Well, the thing is, for things that really don't compress, zlib shouldn't
add much of an overhead on uncompression. It *should* just end up being a
single "memcpy()" after you've done:
- check the header for size and mode ("plain data")
- check the adler checksum (which is *really* nice - we've found real
corruption this way!).
The adler32 checksumming may sound unnecessary when you already have the
SHA1 checksum, but the thing is, we normally don't actually *check* the
SHA1 except when doing a full fsck. So I actually like the fact that
object unpacking always checks at least the adler32 checksum at each
stage, which you get "for free" when you use zlib.
So not using compression at all actually not only gets rid of the
compression, it gets rid of a good safety valve - something that may not
be immediately obvious when you don't think about what all zlib entails.
People think of zlib as just compressing, but I think the checksumming is
almost as important, which is why it isn't an obviously good thing to not
compress small objects just because you don't win on size!
Remember: stability and safety of the data is *the* #1 objective here. The
git SHA1 checksums guarantees that we can find any corruption, but in
every-day git usage, the adler32 checksum is the one that generally would
*notice* the corruption and cause us to say "uhhuh, need to fsck".
Everything else is totally secondary to the goal of "your data is secure".

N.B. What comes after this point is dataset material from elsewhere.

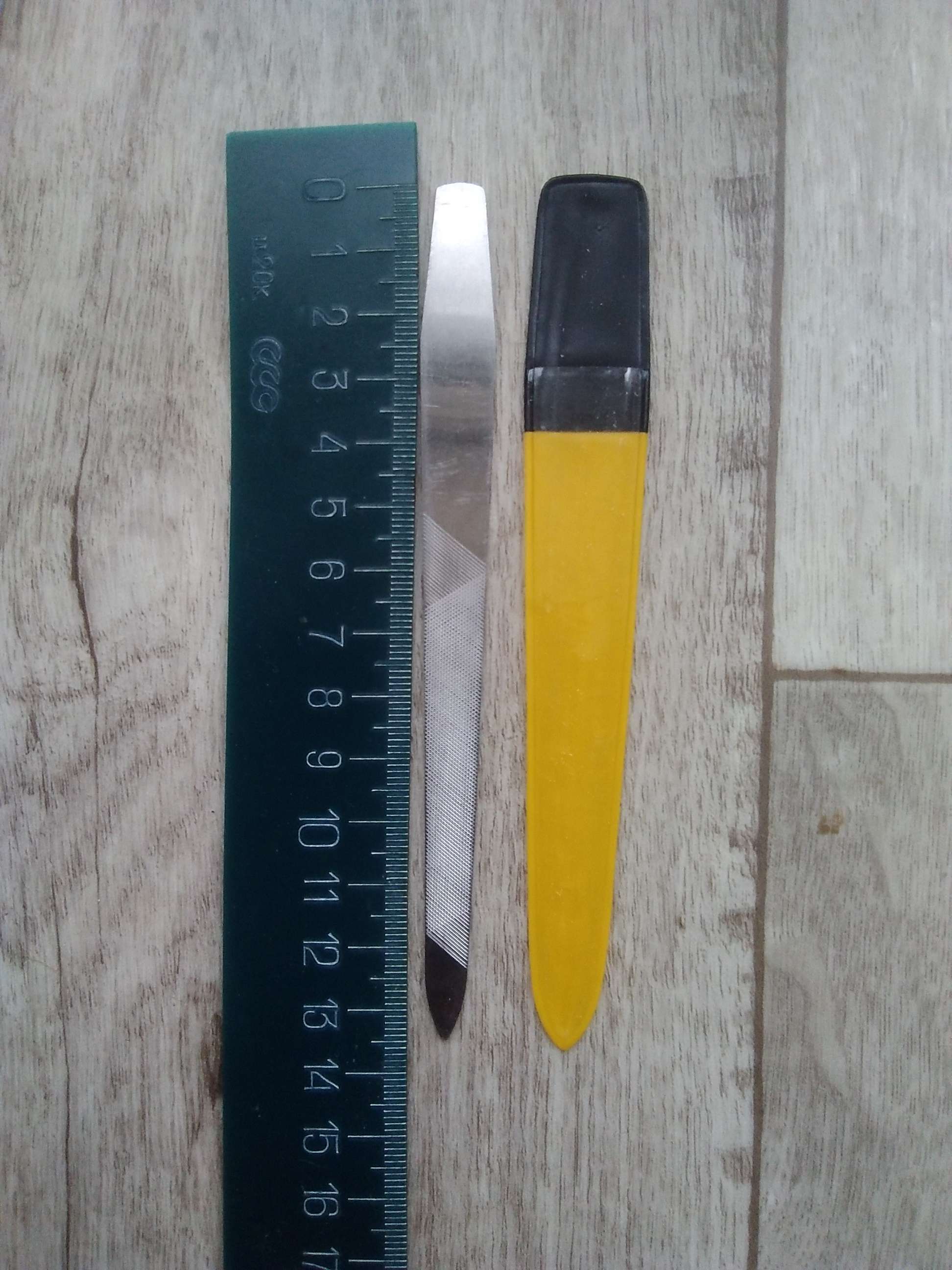 Фотография покупателя товара Пилка металлическая для ногтей, 13,5 см, в чехле, цвет серебристый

Yes, performance is a primary goal too, but it's always "performance with
correctness guarantees"!
But I just traced through a simple 60-byte incompressible zlib thing. It's
painful. This should be *the* simplest case, and it should really just be
the memcpy and the adler32 check. But:
[torvalds@woody ~]$ grep '<inflate' trace | wc -l
460
[torvalds@woody ~]$ grep '<adler32' trace | wc -l
403
[torvalds@woody ~]$ grep '<memcpy' trace | wc -l
59
ie we spend *more* instructions on just the stupid setup in "inflate()"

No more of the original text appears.